> _AIM OF THE EXERCISE_: From the line containing "Beige ceramic e27" down to the last line of the entries, print each line exactly and leave the pictures out.

[Short text fragments from websites]
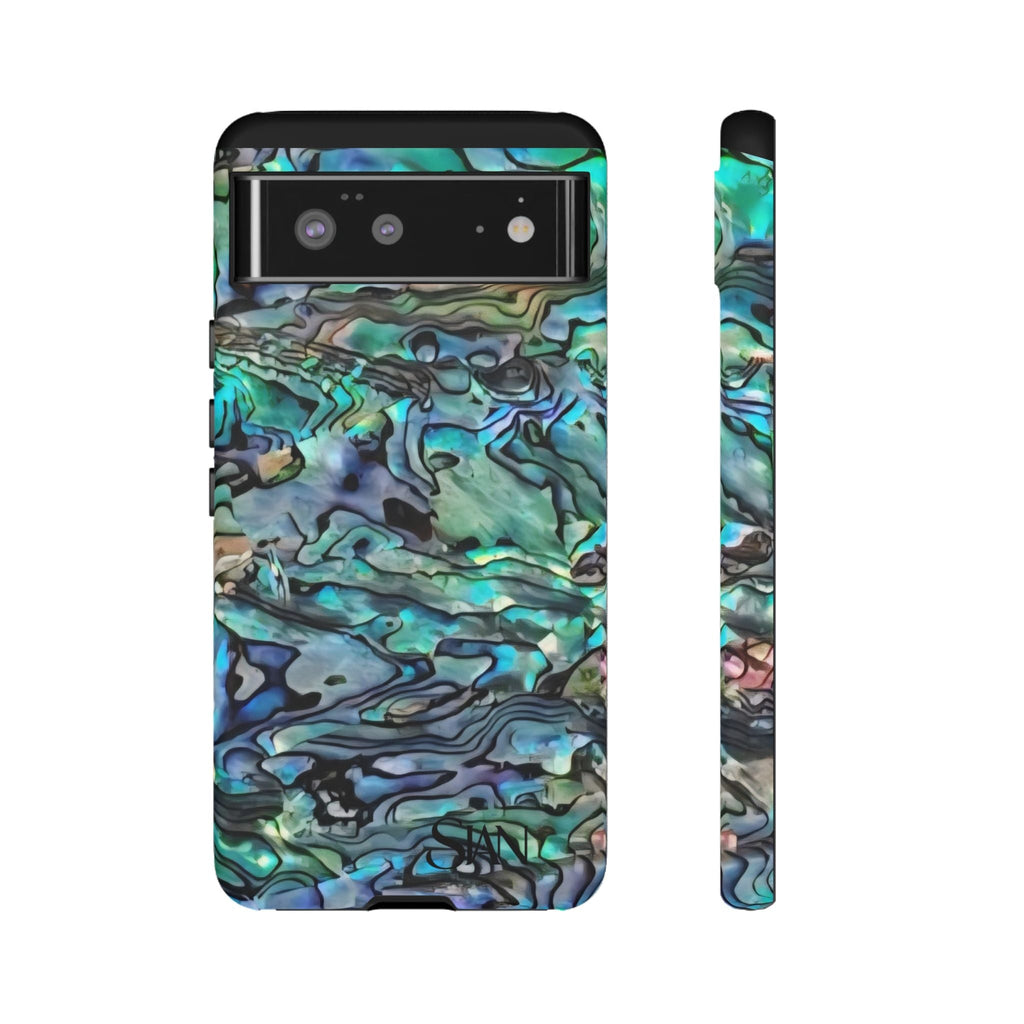 Abalone Shell Pattern Phone Case | Iridescent Ocean Swirl Protective Cover Printify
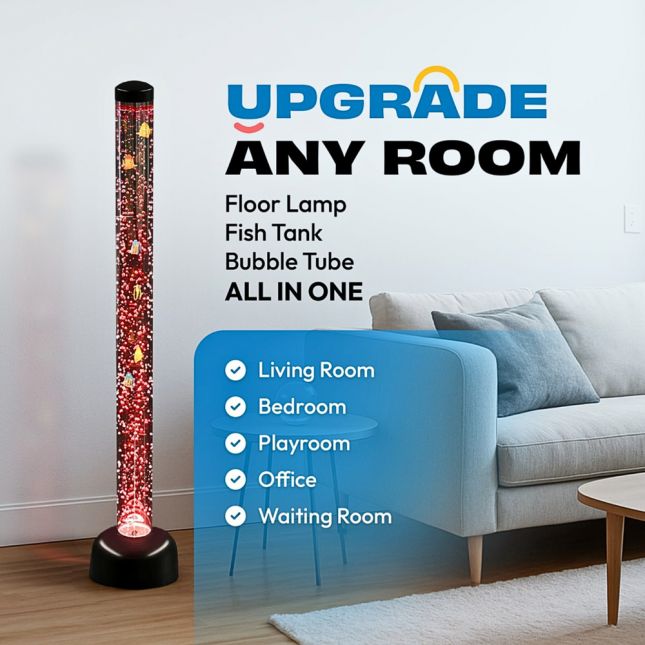 5ft Sensory LED Bubble Tube Lamp with 2 Brackets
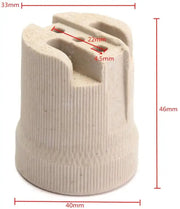 Beige ceramic e27 lamp holder with ribbed texture and three-pronged top for living room lighting decorbites creamic e27 socket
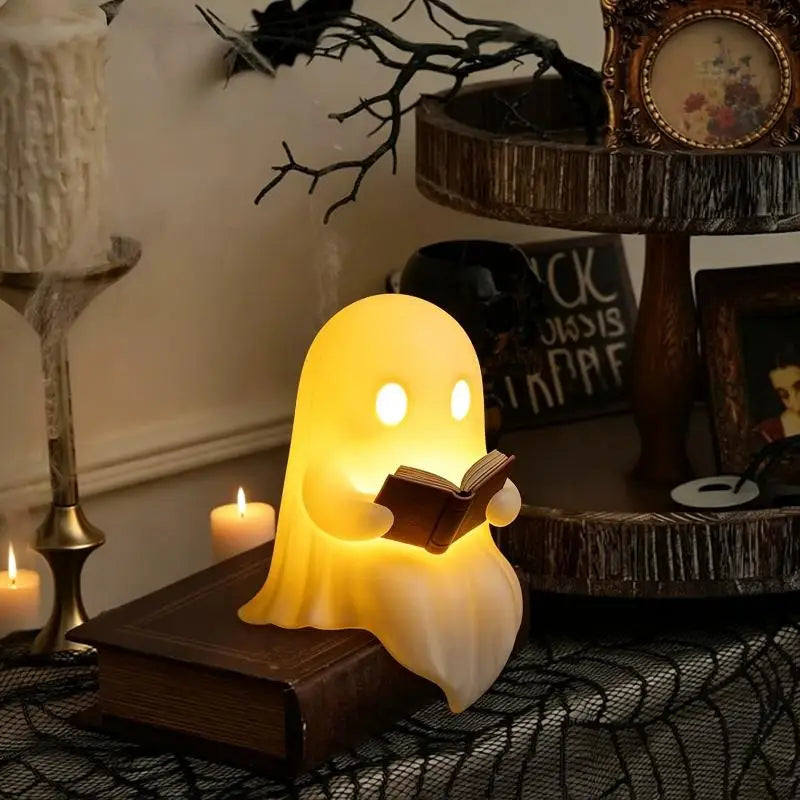 Halloween Ghost Table Lamp Adorable Book Reading Design LED Light Desktop Ornament for Party Bedroom Desk Decoration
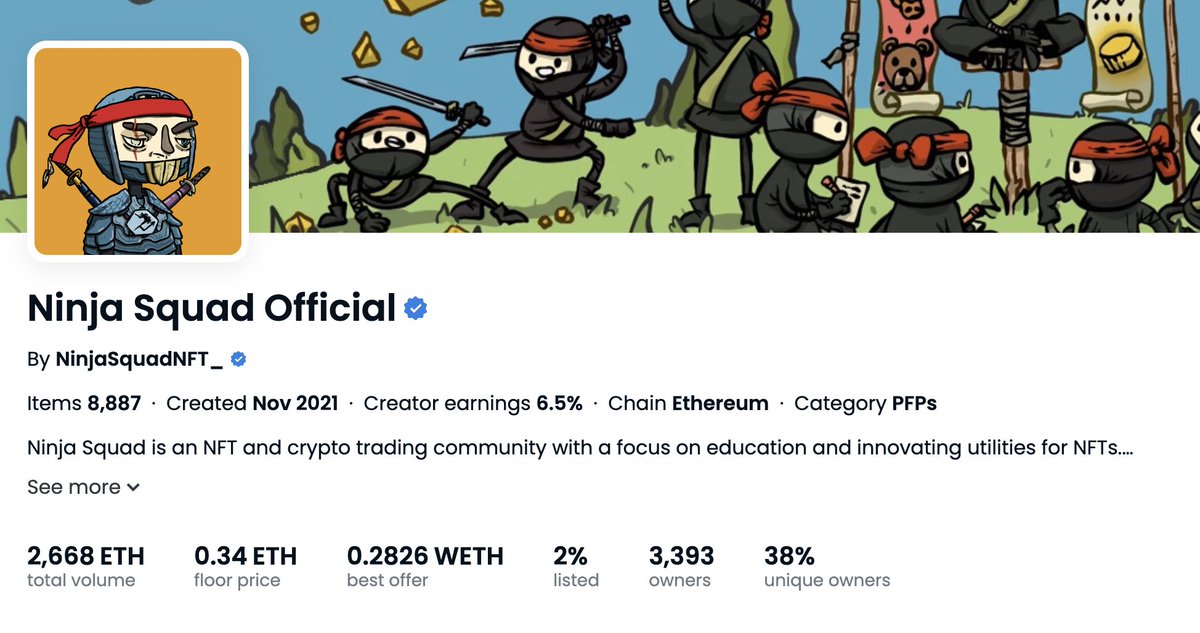 marcy_trades's tweet photo. Floor is up 42% in the past 7 days ! @ninjasquadnft 🚀🥷 Something is cooking in the dojo ! BIG NEWS INCOMING !🔥 Grab a ninja before its to late! https://t.co/CxcDm8mwo6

> _RESPONSE TO THE EXERCISE_:
 Beige ceramic e27 lamp holder with ribbed texture and three-pronged top for living room lighting decorbites creamic e27 socket
 Halloween Ghost Table Lamp Adorable Book Reading Design LED Light Desktop Ornament for Party Bedroom Desk Decoration
 marcy_trades's tweet photo. Floor is up 42% in the past 7 days ! @ninjasquadnft 🚀🥷 Something is cooking in the dojo ! BIG NEWS INCOMING !🔥 Grab a ninja before its to late! https://t.co/CxcDm8mwo6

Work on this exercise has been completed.